Schalke denkt über seine Spielstruktur nach! Die Mission Klassenerhalt will der Aufsteiger auch durch taktische Flexibilität meistern, möchte grundsätzlich Dreier- und Viererkette spielen können. Doch mit Blick auf Abwehr-Anführer Nikola Katic (29) und den schnelleren Fußball in der Bundesliga drängt sich dabei eine Frage auf: Ist Katic zu langsam für die Viererkette?
Die Ausgangslage: Dreierkette als Erfolgsrezept
Vergangene Saison setzte Trainer Miron Muslic (43) in der Hinrunde auf eine Dreierkette (3-4-3), um die Schießbude (62 Gegentore in 2024/25) zu schließen. Mit großem Erfolg! Gerade Katic verteidigte fast alles weg. Schalke ließ nur 9 Gegentreffer in seinen 16 Spielen zu – in Kaiserslautern (0:1) war er gesperrt. Die Defensive stand sicher, und Katic glänzte als Abwehrchef.

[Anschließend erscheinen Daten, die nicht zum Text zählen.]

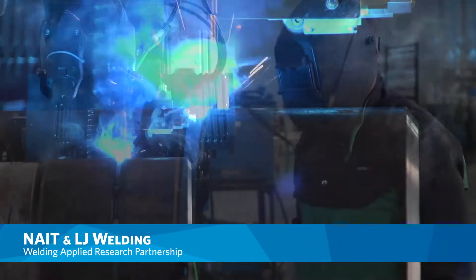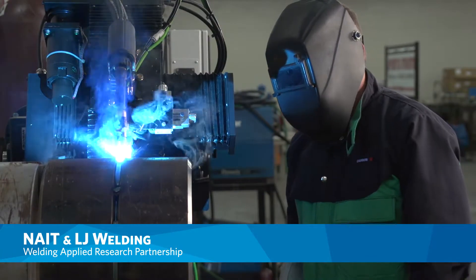A welding manipulator is a machine that automatically welds seams on tanks and vessels. It is used to speed up the process, automate it, and make it faster and safer.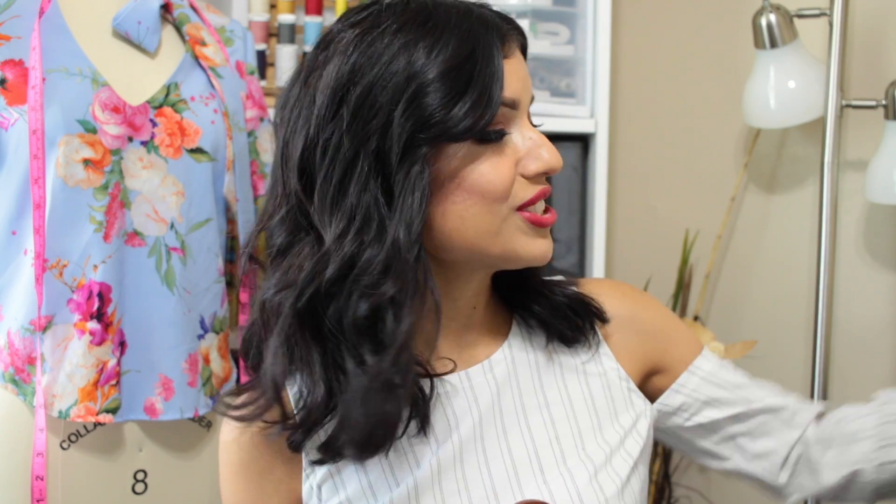Quick little disclaimer: a lot of the things I'm going to share with you are totally wrinkled, but I'm going to insert clips so you can get a good idea of what they actually look like when they're not wrinkled. I just didn't have a chance to sit down and iron everything out, but hopefully you guys can look past that.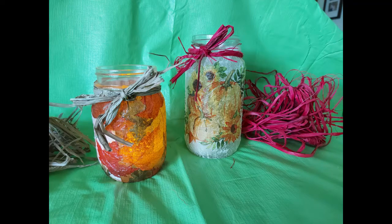Thank you for joining me today. I hope you enjoyed learning how to make a decoupage candle holder. Check out the Homebase Activities page on the Brantford Public Library website for more adult programs. See you next time.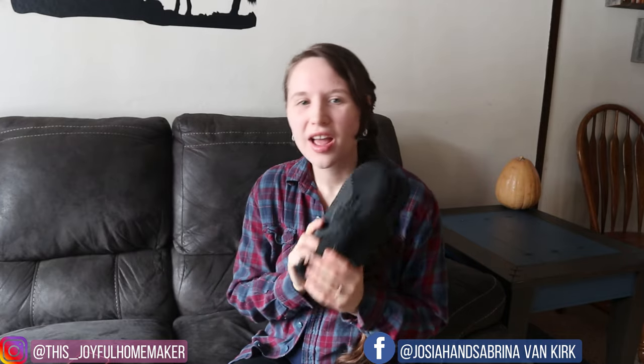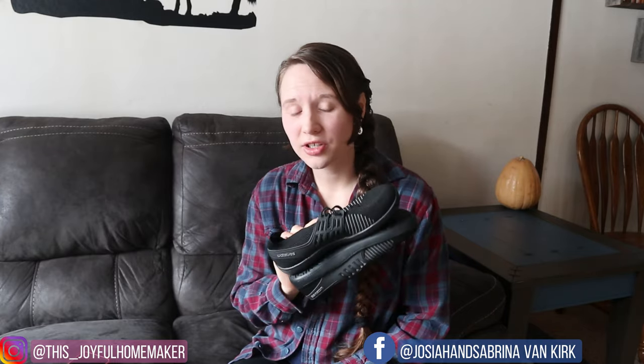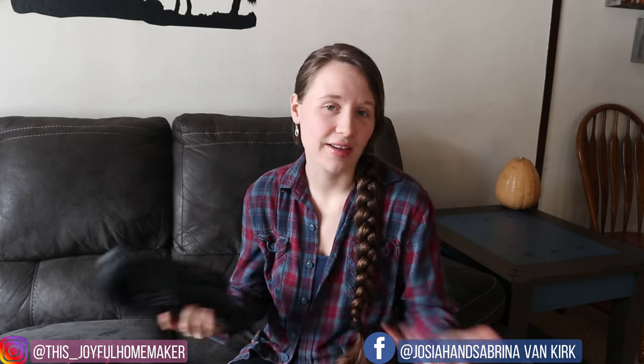Hi everybody and welcome to our joyful home. Today's video is going to be about shoes — I'm going to be doing a review on these barefoot shoes that I am actually really enjoying. This company reached out a few weeks ago and wanted me to try their shoes out and give them an honest review, so here I am giving my honest review. Let's go ahead and jump right into this video.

Die Umstellung auf Viererkette: Tempo-Defizite werden sichtbar
In der Rückrunde stellte Muslic mit den Winter-Transfers (Edin Dzeko, Dejan Ljubicic, Adil Aouchiche, Moussa Ndiaye) auf Aufstiegs-Attacke und Viererkette (4-2-3-1) um – prompt wurden die Tempo-Defizite von Katic deutlich. Mit ein Grund, weshalb Schalke an defensiver Stabilität verlor. Die Königsblauen kassierten bei den 10 Katic-Einsätzen 14 Gegentore – in den 7 Spielen ohne den Bosnien-Star (Sperre, Knieverletzung) gab's lediglich 7 „Einschläge“. Die Statistik spricht eine klare Sprache: Ohne Katic war die Abwehr stabiler, mit ihm anfälliger für schnelle Gegenstöße.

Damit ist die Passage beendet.